● **THE RECORDS**:
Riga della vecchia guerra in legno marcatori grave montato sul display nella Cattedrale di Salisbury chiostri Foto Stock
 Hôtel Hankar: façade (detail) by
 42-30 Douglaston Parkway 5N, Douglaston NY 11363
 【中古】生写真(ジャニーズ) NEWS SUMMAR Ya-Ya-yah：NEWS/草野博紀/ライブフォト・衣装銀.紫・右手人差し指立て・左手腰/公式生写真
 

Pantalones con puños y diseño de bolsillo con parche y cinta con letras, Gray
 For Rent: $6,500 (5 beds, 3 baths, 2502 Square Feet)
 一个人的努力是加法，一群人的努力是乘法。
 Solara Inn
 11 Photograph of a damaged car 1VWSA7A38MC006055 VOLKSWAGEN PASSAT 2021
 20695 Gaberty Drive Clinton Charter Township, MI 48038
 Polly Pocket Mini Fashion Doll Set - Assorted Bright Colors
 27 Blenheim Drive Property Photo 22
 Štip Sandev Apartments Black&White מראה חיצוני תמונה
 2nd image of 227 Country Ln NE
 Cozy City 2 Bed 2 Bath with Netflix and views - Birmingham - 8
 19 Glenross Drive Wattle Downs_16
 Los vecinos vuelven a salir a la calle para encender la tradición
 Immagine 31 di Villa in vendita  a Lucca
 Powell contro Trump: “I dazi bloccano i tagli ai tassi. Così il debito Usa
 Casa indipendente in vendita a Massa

● **WORK INSTRUCTION**: Return each line above exactly as it appears.

● **SOLUTION FOR THIS TASK**:
Riga della vecchia guerra in legno marcatori grave montato sul display nella Cattedrale di Salisbury chiostri Foto Stock
 Hôtel Hankar: façade (detail) by
 42-30 Douglaston Parkway 5N, Douglaston NY 11363
 【中古】生写真(ジャニーズ) NEWS SUMMAR Ya-Ya-yah：NEWS/草野博紀/ライブフォト・衣装銀.紫・右手人差し指立て・左手腰/公式生写真
 

Pantalones con puños y diseño de bolsillo con parche y cinta con letras, Gray
 For Rent: $6,500 (5 beds, 3 baths, 2502 Square Feet)
 一个人的努力是加法，一群人的努力是乘法。
 Solara Inn
 11 Photograph of a damaged car 1VWSA7A38MC006055 VOLKSWAGEN PASSAT 2021
 20695 Gaberty Drive Clinton Charter Township, MI 48038
 Polly Pocket Mini Fashion Doll Set - Assorted Bright Colors
 27 Blenheim Drive Property Photo 22
 Štip Sandev Apartments Black&White מראה חיצוני תמונה
 2nd image of 227 Country Ln NE
 Cozy City 2 Bed 2 Bath with Netflix and views - Birmingham - 8
 19 Glenross Drive Wattle Downs_16
 Los vecinos vuelven a salir a la calle para encender la tradición
 Immagine 31 di Villa in vendita  a Lucca
 Powell contro Trump: “I dazi bloccano i tagli ai tassi. Così il debito Usa
 Casa indipendente in vendita a Massa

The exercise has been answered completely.